/ckanext-oaipmh

OAI-PMH harvester for CKAN

Primary LanguagePythonOtherNOASSERTION

CKAN Harvester for OAI-PMH

Build Status

Instructions

Installation

Use pip to install this plugin. This example installs it in /var/www

source /home/www-data/pyenv/bin/activate
pip install -e git+https://github.com/openresearchdata/ckanext-oaipmh.git#egg=ckanext-oaipmh --src /var/www
cd /var/www/ckanext-oaipmh
pip install -r requirements.txt
python setup.py develop

Make sure the ckanext-harvest extension is installed as well.

Important: You need to have a sysadmin user called "harvest" on your CKAN instance!

Setup the Harvester

  • add oaipmh_harvester to ckan.plugins in development.ini (or production.ini)
  • restart your webserver
  • with the web browser go to <your ckan url>/harvest/new
  • as URL fill in the base URL of an OAI-PMH conforming repository, e.g. http://boris.unibe.ch/cgi/oai2 for more see http://www.openarchives.org/Register/BrowseSites
  • select Source type OAI-PMH Harvester
  • if your OAI-PMH needs credentials, add the following to the "Configuration" section: {"username": "foo", "password": "bar" }
  • if you only want to harvest a specific set, add the following to the "Configuration" section: {"set": "baz"}
  • if you want to harvest data in a specific metadata format, add the following to the "Configuration" section: {"metadata_prefix": "oai_dc"} (currently oai_dc and oai_ddi are supported)
  • if your OAI-PMH source does not support HTTP POST and you want to enforce HTTP GET, add the following to the "Configuration" section: {"force_http_get": true} (defaults to false)
  • Save
  • on the harvest admin click Reharvest

Run the Harvester

On the command line do this:

  • activate the python environment
  • cd to the ckan directory, e.g. /usr/lib/ckan/default/src/ckan
  • start the consumers:
paster --plugin=ckanext-oaipmh harvester gather_consumer &
paster --plugin=ckanext-oaipmh harvester fetch_consumer &
  • run the job:

    paster --plugin=ckanext-oaipmh harvester run

The harvester should now start and import the OAI-PMH metadata.
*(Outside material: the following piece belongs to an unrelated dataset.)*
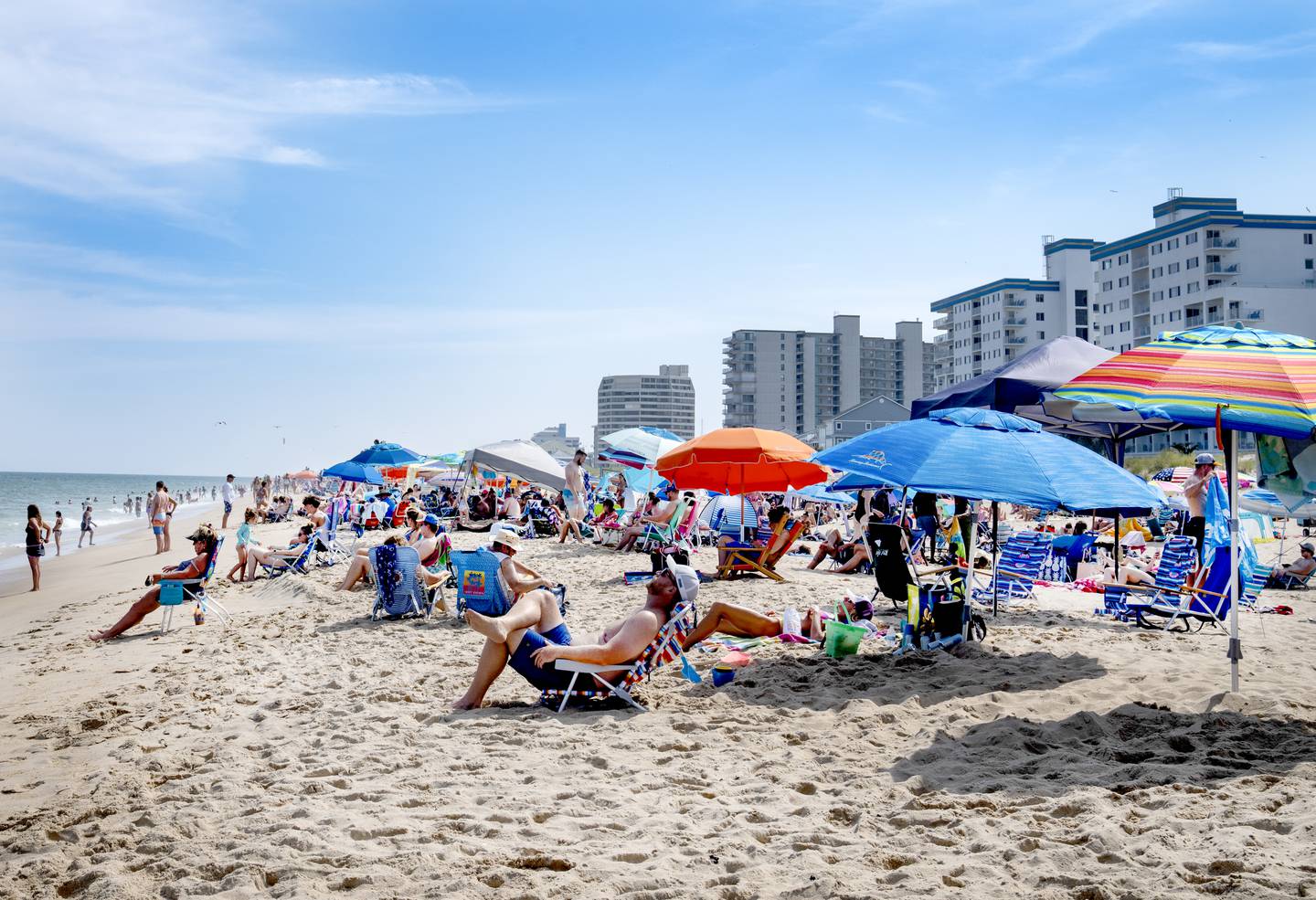 People enjoy the day at Ocean City Beach on Saturday, Aug. 12, 2023. The city is considering regulations on tents and canopies on the beach after the 2023 season.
Developing without running jobs manually

To make it easier to develop, tests are setup that allow to do that:

. ~/default/bin/activate
cd /var/www/ckanext-oaipmh

nosetests --logging-filter=ckanext.oaipmh.harvester --ckan --with-pylons=test.ini ckanext/oaipmh/tests

In this example the logging filter is used to only show messages of the harvester.